RIO DE JANEIRO – The considerable rebuilding works of urban zoos in cities such as Chicago, London, Hong Kong, Melbourne and Cape Town in recent years have become leading examples for the rest of the world’s zoological community in the creation of urban animal enclosures. Having hit a new record of over 70,000 visitors last year and with the forthcoming, and much-needed, renovations set to start in early 2012, Rio Zoo is slowly closing in on claiming a spot on the city’s famous list of tourist destinations.

The leopard at Rio Zoo, one of several wild cats whose enclosures are set for modernization, photo by Keven Law/ Wikimedia Creative Commons License.

Set among stunning imperial palm trees in Quinta da Boa Vista in Zona Norte, it was first opened in 1888. Despite its reputation as ‘The National Zoo’, Rio in fact has fewer species than São Paulo, and is roughly half the size of that in Port Alegre. Its 2,900 animals, deriving from 485 different species, is also comparatively modest given the amount of land available to house them. The London Zoo in Regents Park, for example, has 755 Species and close to 15,000 individual animals on 36 acres of land, only five acres more than Rio.

Certainly some of this can be attributed to the higher quantity of creatures found together in London’s marine life habitats, not present here in Rio, but what it lacks in underwater life it makes up for in its rare species of birds and collection of endangered domestic primates such as the yellow-throated capuchin monkey.

The apes have always been a big draw, and whilst the orang-utans and chimps grab the crowds, the legend of monkey Macaco Tião’s will always endure after he was jokingly nominated to run for city mayor in 1988 by TV show Casseta e Planeta and, it is widely claimed, came third with almost half a million votes.

The spectacular entrance to Quinta da Boa Vista, photo by Zoological Park of Rio de Janeiro.
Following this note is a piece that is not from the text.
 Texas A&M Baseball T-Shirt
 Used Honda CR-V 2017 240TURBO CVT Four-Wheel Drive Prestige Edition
From an aerial view, the zoo can be divided into three distinct sections, the first and largest of which is the ‘Animais da Quinta’, located in a fenced off part of Quinta da Boa Vista park. Kept in the spacious enclosure is a sizable array of farm animals from around the globe and smaller members of the cervidae family such as the reindeer.
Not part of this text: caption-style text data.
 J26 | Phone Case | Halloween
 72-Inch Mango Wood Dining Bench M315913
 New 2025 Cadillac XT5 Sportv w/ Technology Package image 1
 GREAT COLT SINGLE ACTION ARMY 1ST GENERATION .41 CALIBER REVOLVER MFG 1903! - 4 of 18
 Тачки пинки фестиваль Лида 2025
The second section is home to the reptiles, amphibians and nocturnal creatures as well as the spectacular bird collection for which Rio Zoo has grown famous. Down a steep ridge circling back around towards the entrance, the third area is filled with the crowd-pleasing mammals that no major zoo would be complete without, from hippos to monkeys and elephants, but some of the big cats look increasingly unhappy with their lot.
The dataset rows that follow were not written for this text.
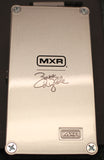 MXR Wylde WA44 Audio Overdrive Effects Pedal Silver/Gray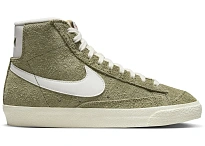 Фото № 1 с приближением к товару «‎Nike Blazer Mid 77 Vintage Medium Olive »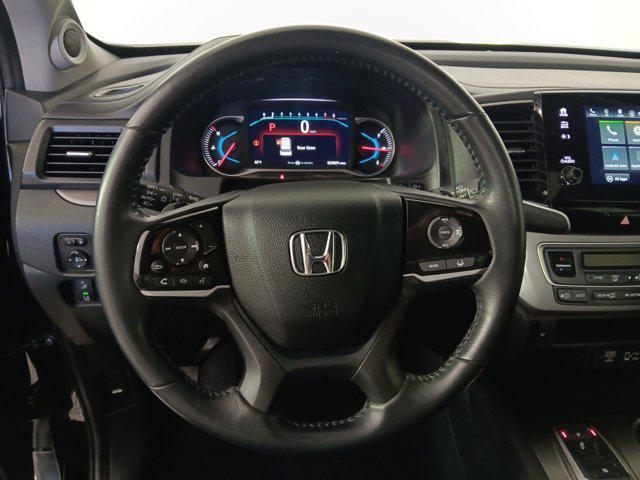 used 2022 Honda Pilot car, priced at $29,999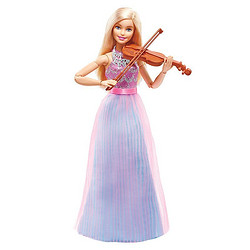 Barbie 芭比 DLG94 小提琴家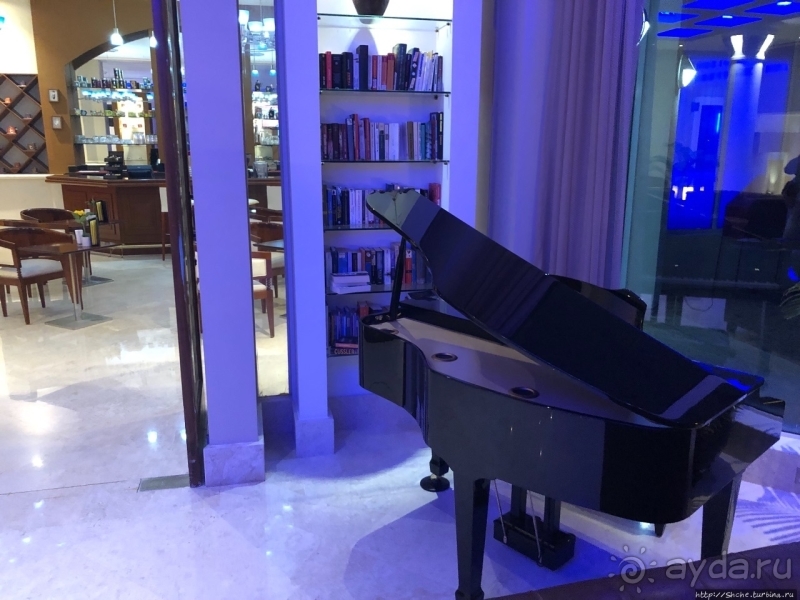 Хилтон, он и в Омане — Хилтон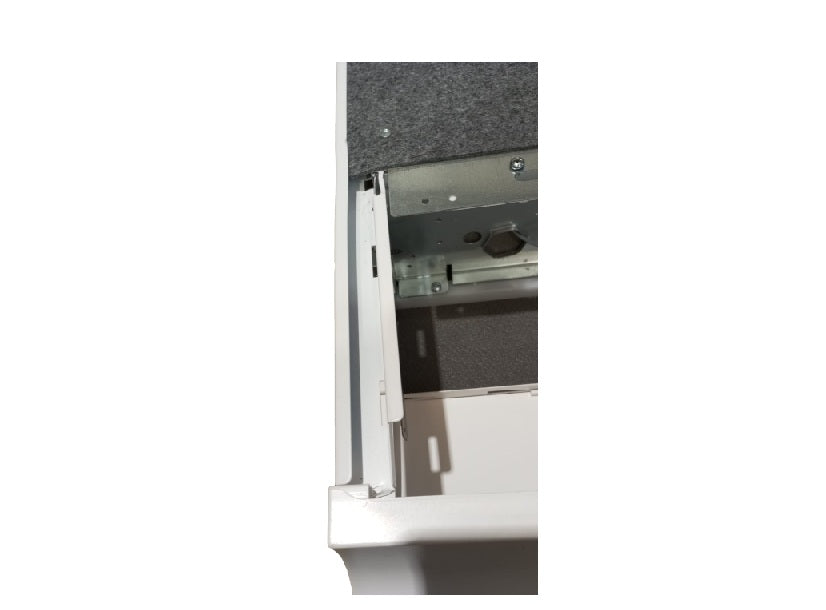riello area occasioni 2826 ventilconvettore fan coil riello design inverter 33 b con motore brushless con pannello di comando a bordo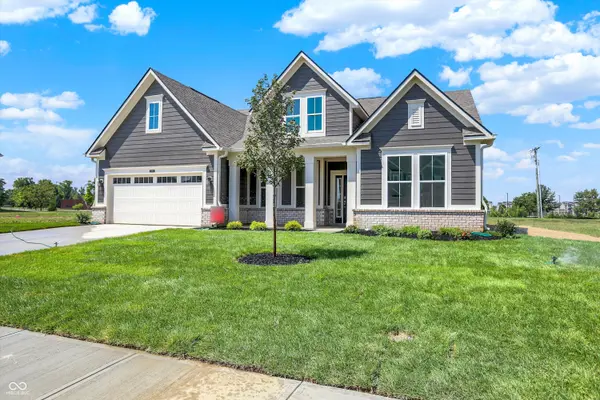 7282 Portico LN, Mccordsville, IN 46055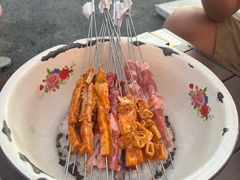 -炭火集市·烧烤·烤肉大排档(天津北路店)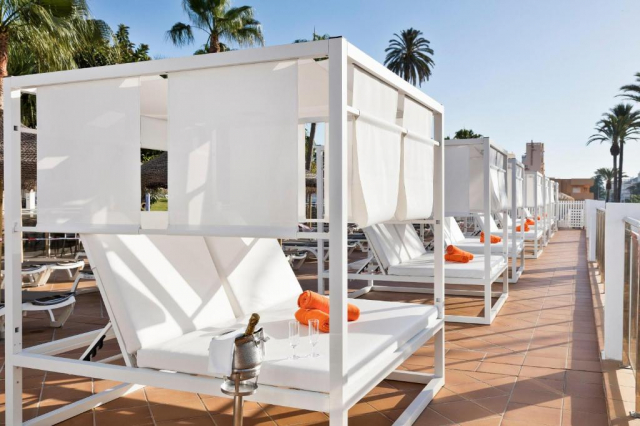 ULTRA LAST MINUTE MALAGA 7 NOPTI CAZARE CU DEMIPENSIUNE 4****BEST SIROCO ZBOR DIN OTOPENI  CU TAXE INCLUSE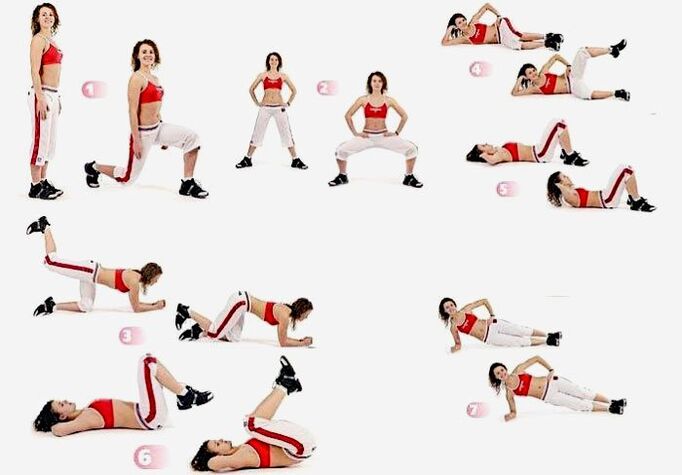 Un set de exerciții
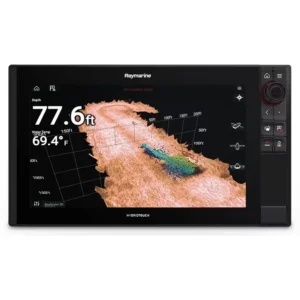 Raymarine Axiom Pro 16 RVX – 16-Inch MFD with RealVision 3D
It is clear that the 122-year-old zoo has had a long wait for the forthcoming renovations, and though numbers are up, the appeal of the zoo has decreased somewhat with the obvious need for modernization. Whereas many of the animals have plenty of space to keep themselves in which to roam, some, notably the wild cats and the bear, are in serious need of new housing. The Asian Elephant paddock will also be a priority if the standards are to be brought into line with the world’s best.

The Rio Zoo can be easily accessed from the south zone of the city by metro, alighting at São Cristovão. Entrance is R$6,00, and the National History Museum is a 10-minute walk from the zoo in the Área Verde park.